Account Executive at Full Throttle Falato Leads - We can safely send over 20,000 emails and 9,000 LinkedIn Inmails per month for lead generation
1 个月Madhukar, thanks for sharing! I am hosting a live monthly roundtable every first Wednesday at 11am EST to trade tips and tricks on how to build effective revenue strategies. I would love to have you be one of my special guests! We will review topics such as: -LinkedIn Automation: Using Groups and Events as anchors -Email Automation: How to safely send thousands of emails and what the new Google and Yahoo mail limitations mean -How to use thought leadership and MasterMind events to drive top-of-funnel -Content Creation: What drives meetings to be booked, how to use ChatGPT and Gemini effectively Please join us by using this link to register: https://forms.gle/iDmeyWKyLn5iTyti8 #sales
Leverage my startup expertise & CloudApper's AI platform to take the path less travelled—where ideas bloom swiftly.
4 个月Thanks for the entertaining "kid prodigy" example. xD
That was the article I was searching to get the fundamentals right
Disabled Vet || JD&MD (c) || Founder & VP || Senior Quantitative & AI Developer || Data Scientist || Software Engineer || Technical Business Analyst || Software QA Manager || Scrum Master || Tech Recruiter&Philosopher
1 年Madhukar Kumar Thank you:) This is superb.
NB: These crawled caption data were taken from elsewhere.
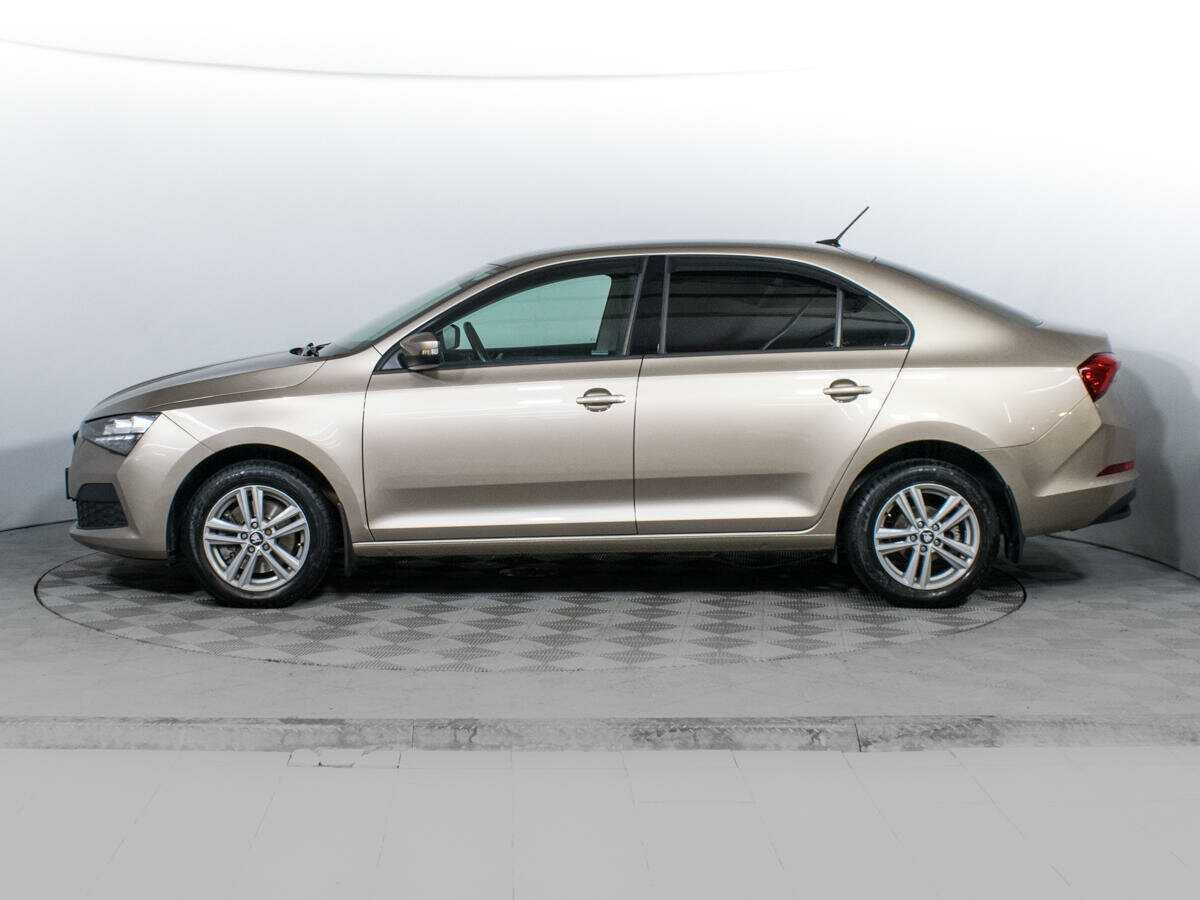 Skoda Rapid, 2021 - 68 495 км. | Фото №8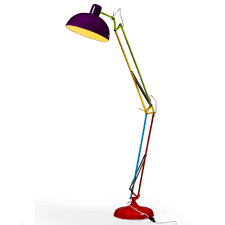 We did not find results for: Multicoloured Extra Large Classic Desk Style Floor Lamp Floor Lamps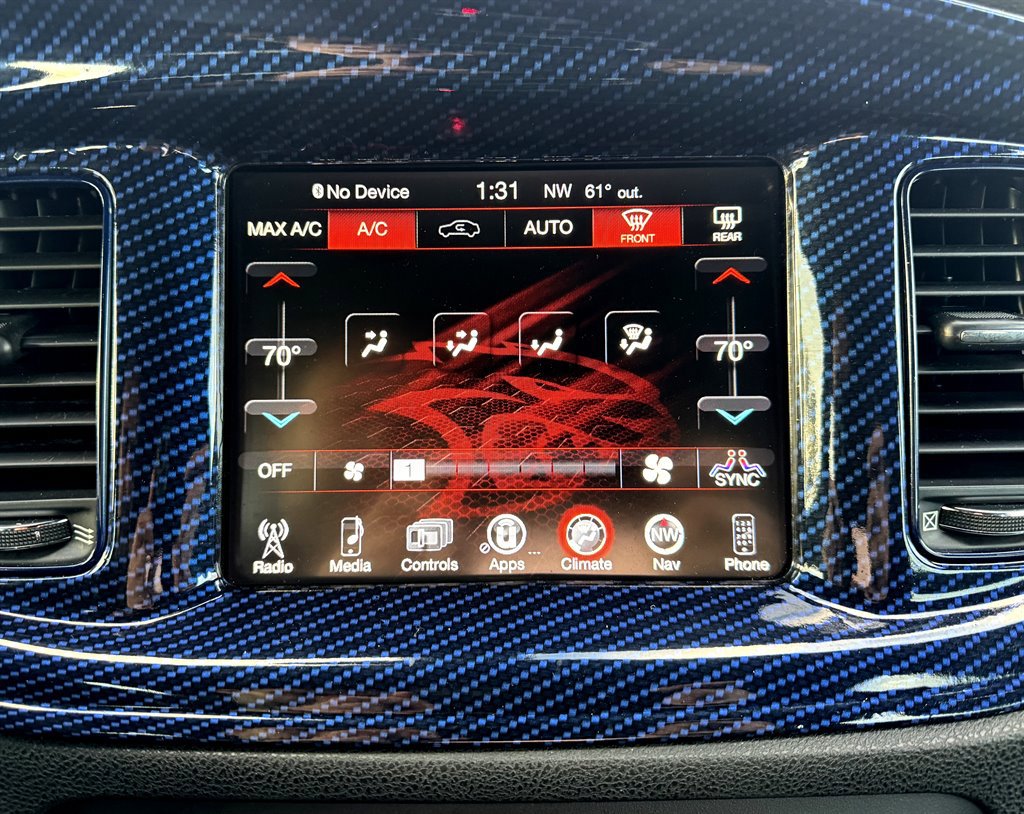 Used 2016 Dodge Charger R/T Scat Pack image 24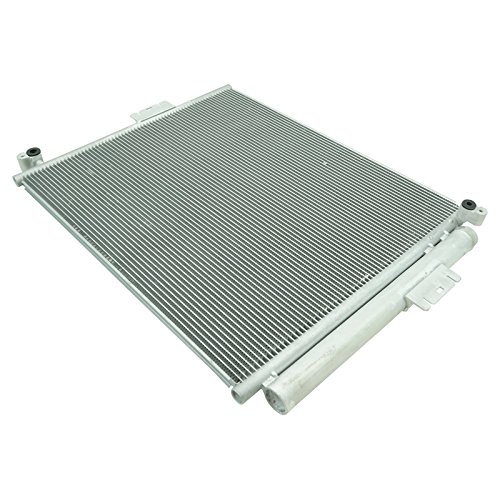 Image of TRQ A /C Condenser & Receiver Drier Assembly for 05-11 Toyota Tacoma 12 Tacoma To 2 /29 /12 Production Date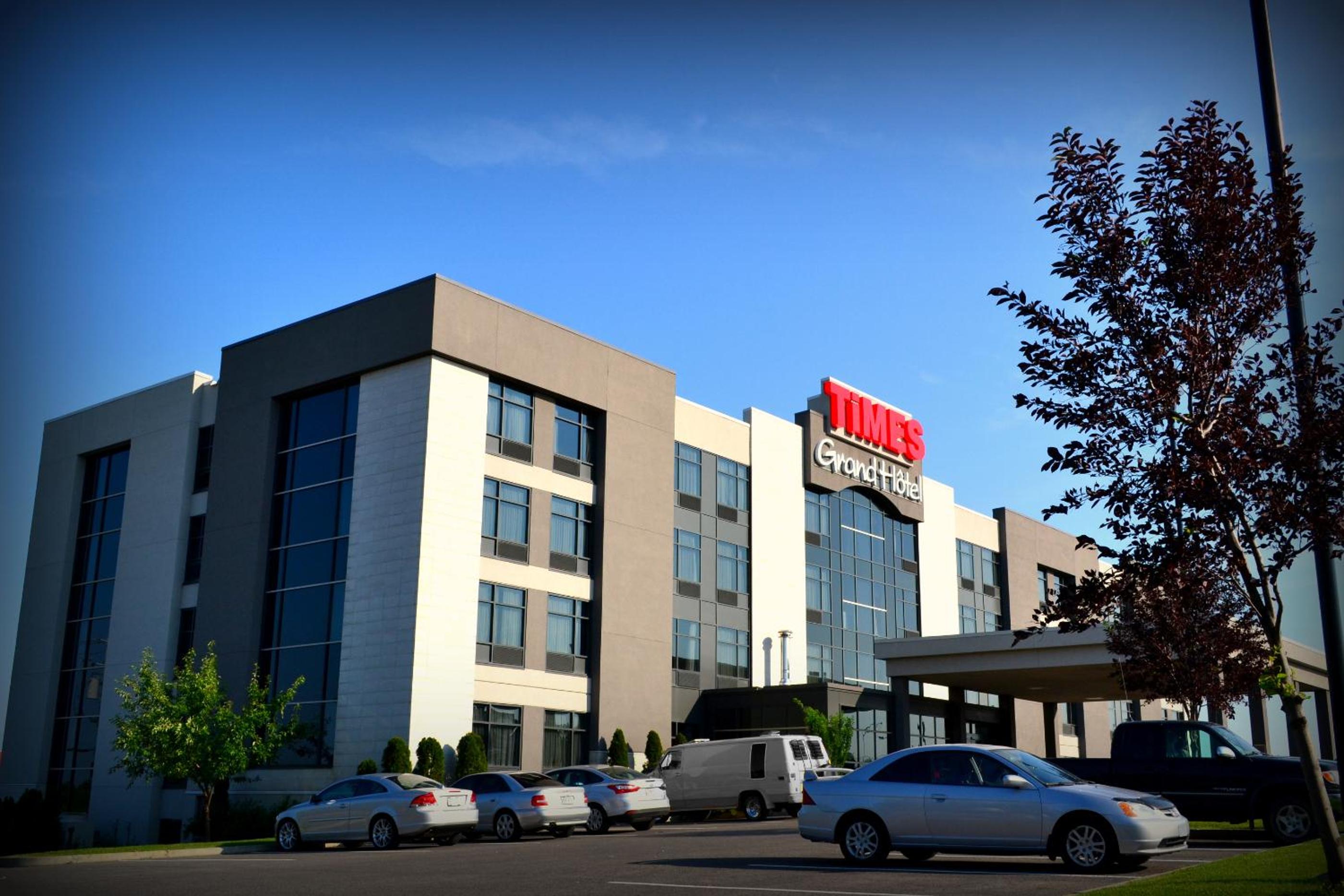 Hotel Grand Times Hotel Quebec City Airport
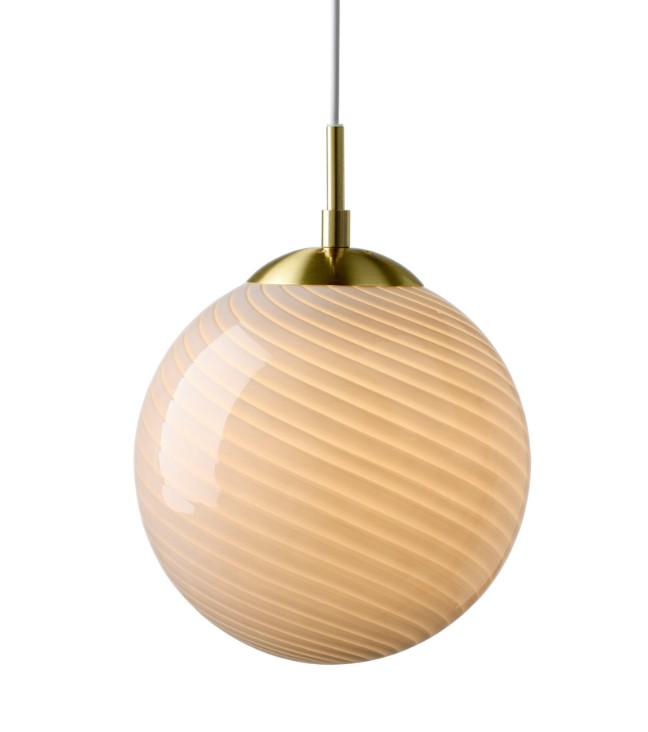 Halo Design Candy ball hangandi Ø25 Grey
CMO | Writer | Developer -> Marketer
1 年Two new #GenAI updates this weeks that make highly curated structured and structured data and hybrid searches a must for all enterprise apps. 1. Paper on LIMA - Less is More for Alignment -https://t.co/WTweIBhDFw The paper shows that LIMA, even with less data, can outperform giants like Alpaca 65B & DaVinci003. This highlights the importance of quality over quantity in #data for AI models. This also means we will see better and more Open Source LLMs that can be run privately. 2. Antropic's Claude will supposedly take 100K tokens for prompt and contextualization. Another data point to suggest we will see more #searchandprompt vs re-training models. Exciting times.